PROBLEM TO SOLVE: Give back exactly the lines from the one that holds "ThermaCool Non-Surgical Facelift" through the final line of the data; omit the pictures and add nothing.

SOURCE DATA:
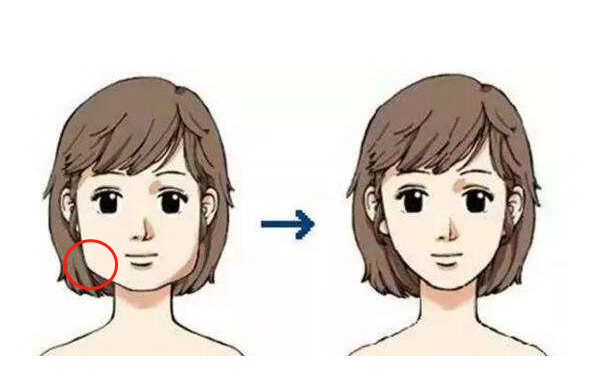 咬肌切除瘦脸的价格如何(去咬肌瘦脸原理是什么)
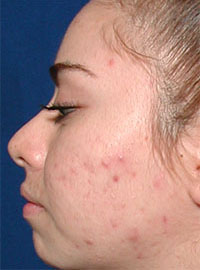 ThermaCool Non-Surgical Facelift before and after photo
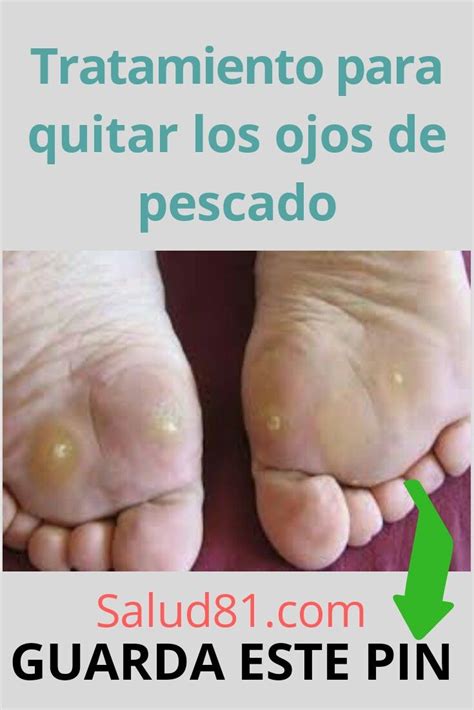 Tratamientos Para Quitar Los Ojos De Pescados Cura Hongos En Las Uñas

ANSWER TO THIS PROBLEM:
 ThermaCool Non-Surgical Facelift before and after photo
 Tratamientos Para Quitar Los Ojos De Pescados Cura Hongos En Las Uñas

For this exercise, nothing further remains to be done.